The Sandinista National Liberation Front is a socialist political party in Nicaragua. The FSLN was founded in 1961 as a communist-backed guerrilla group of various opposition organizations. Its members are called Sandinistas [Sandinistas] in both English and Spanish. The party is named after Augusto Cesar Sandino, who led the Nicaraguan resistance to the US occupation of Nicaragua in the 1930s. The party was first in power from 1979 to 1990 as part of the ruling junta for national restructuring. With a vote out of power in 1990, it was re-established in 2006 with the re-election of the longtime leader of President Daniel Ortega (Jose Daniel Ortega Saved era).

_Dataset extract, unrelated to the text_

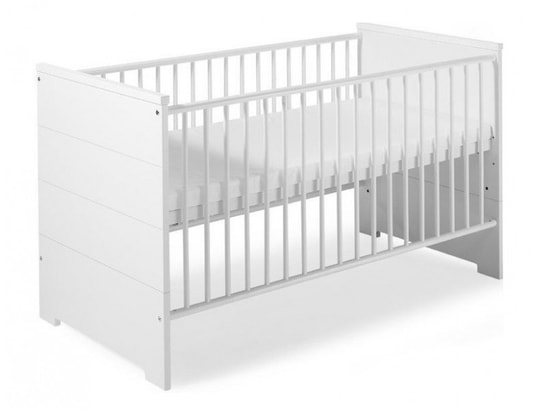 Lit Bebe 70x140 Cm Bois Laque Blanc Eco Stripe L 145 X H 85 X P 77 Cm Schardt Pas Cher Ubaldi Com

The FSLN overthrew Anastasio Somoza Debele in 1979, ending the Somoza dynasty and establishing a revolutionary government in its place. Its attacks on the Nicaraguan National Guard from sanctuaries in Honduras and Costa Rica in the mid-1970s were so deadly that Somoza carried out bloody resistance against the Sandinistas. Fonseka and Meyerga were assassinated, and the FSLN split into three tendencies, or there was a difference of opinion between these groups as to whether the group should organize revolutionary cells only in cities, gradually gaining support across the country or merging with other political parties in a growing insurgency. Following the resignation of the central members from this junta, the FSLN assumed exclusive power in March 1981. They established mass education policies, devoted significant resources to health care, and promoted gender equality but faced international criticism for human rights abuses, genocide, and oppression of indigenous peoples. During the Contra War, the Sandinistas arrested censored publications (including the United States, FDN, and ARDE) for allegedly collaborating with the enemy against the militia and suspected publications. In 1984, the FSLN won more than 60 of the 96 seats in the new National Assembly and sent Daniel Ortega to the presidency in an election that drew widespread criticism for its lack of protection from opposition parties. In 1990, exhausted by war and economic despair, the Nicaraguan people voted for the 14 parties of the National Opposition Union, which formed the government and after the Sandinistas left power.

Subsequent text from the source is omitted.